Come sei arrivato alla Roma? “Sono nativo di Massa-Carrara, ho abitato a La Spezia e risiedo in un paesino dell’Appennino tosco-emiliano. Mi portò qui un provino, ai tempi giocavo nelle giovanili di una squadra di Spezia, venni al Tre Fontane per un provino, ero stato visto giocare nella rappresentativa della Liguria. Liedholm era presente, c’era un’amichevole delle giovanili contro la Prima Squadra, dopo una settimana arrivò la risposta positiva, iniziai la trafila dagli Allievi. La Roma ha rappresentato molto per me, sono stato qualche anno in Prima Squadra, sono andato via e tornato per intraprendere la carriera di allenatore”.
La famiglia ti seguì a Roma? “Venni a 16 anni, la Roma aveva un pensionato a Ostia, alloggiavamo lì e andavamo a scuola lì. Finite le lezioni, prendevamo il trenino e venivamo alle Tre Fontane, sono felice che sia stato riportato nelle mani della Roma”.

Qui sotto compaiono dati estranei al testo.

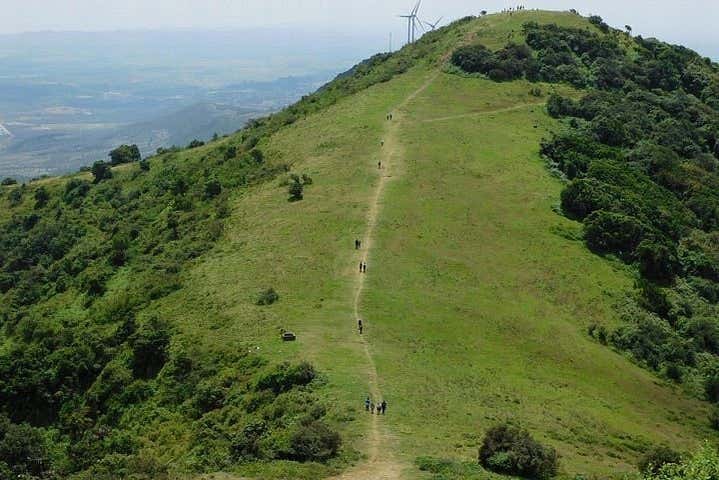 Ruta privada de trekking por las colinas Ngong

C’è qualche ricordo del Tre Fontane che ti è rimasto impresso? “La prima sensazione è quella del provino, feci il provino lì e fu l’inizio della mia storia. Il Tre Fontane ha rappresentato il primo punto di riferimento, venendo da Spezia andai lì. Ricordi ne ho tantissimi, dalle partite del giovedì della Prima Squadra con 5-6000 spettatori, alle partite con la Primavera, i derby, gli infortuni, le sedute atletiche che facevamo nel parco, il muro che è stato ridisegnato. Per me il Tre Fontane è un bellissimo ricordo”.
Toccava anche a te il battimuro? “Tutti siamo passati da lì, io l’avevo già usato con le giovanili. Era un classico, quelle erano le esercitazioni per migliorare la tecnica. Passavamo le ore”.

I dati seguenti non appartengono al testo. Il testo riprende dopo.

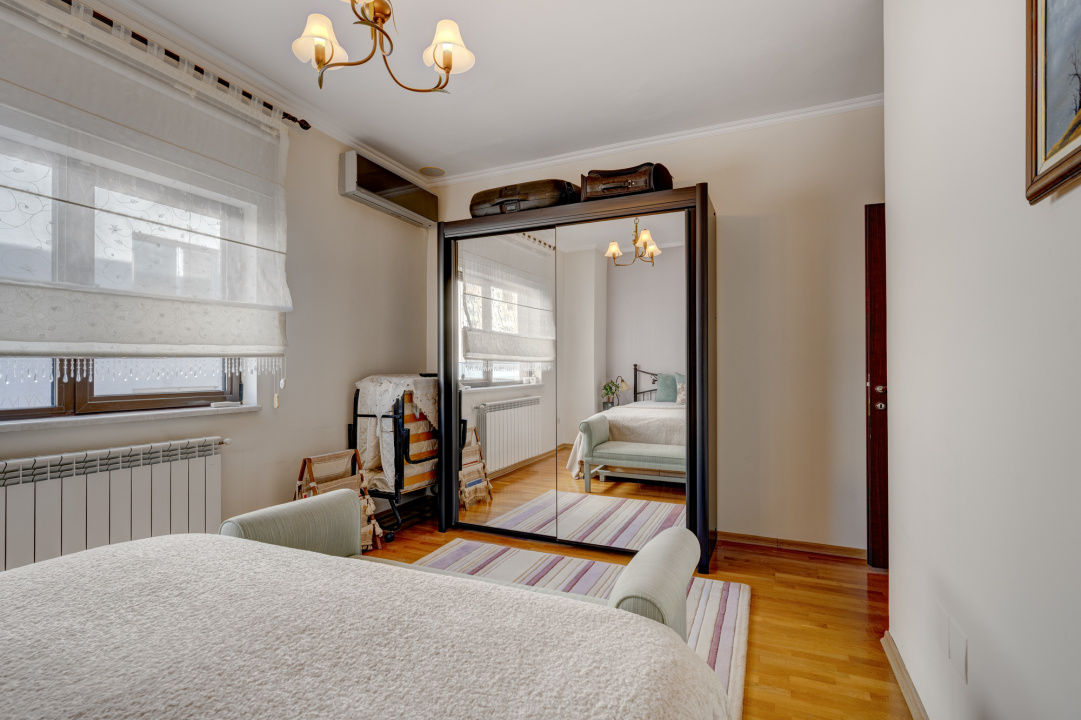 Detalii ce fac diferența | 4 camere | 160 mp, 3 terase | Bloc nou, Moșilor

Si fa poco, adesso? “Sicuramente si guardano altri aspetti, come quello fisico. Noi non avevamo palestre, lavoravamo al parco. Si dedicava più tempo alla tecnica. Ora si guarda più alla tattica, agli aspetti difensivi. All’epoca si aveva una cultura tecnica migliore”.
Hai allenato Daniele De Rossi, oggi se giocherà centrerà il traguardo delle 400 presenze in Serie A. Un tuo ricordo. “Di Daniele ragazzino ricordo che la prima volta che l’ho visto erano i famosi stage post stagionali. All’epoca giocava nelle giovanili dell’Ostiamare, giocava in un ruolo diverso, da trequartista. Ma aveva qualità fisiche importanti e buone qualità tecniche. Si è trasformato, ha cambiato ruolo e ha avuto un’intuizione Mauro Bencivenga. Un ragazzo che stimo, che ha avuto le sue problematiche, non sono uno di quegli allenatori che riusciva al primo sguardo a intuire che un giocatore sarebbe diventato un campione. Daniele è cresciuto, ha avuto qualche difficoltà ma è attaccato alla maglia, sono contento per i risultati che ha ottenuto”.
Ti ha stupito il livello della sua carriera? “Non sono uno di quelli che si spaccia per riuscire a individuare il campione, quando qualcuno fa una carriera come quella di Daniele sono tutti pronti a rivendicarlo. Un ragazzo che entra nelle giovanili può trasformarsi, è una grande opportunità ma è anche un bacino di illusioni, ci sono molti che alle prime difficoltà si deprimono. Per certi versi posso essere anche stupito, giocare tutte queste partite ed essere considerato uno dei migliori centrocampisti non era facile da prevedere. Dico solo che sono molto contento”.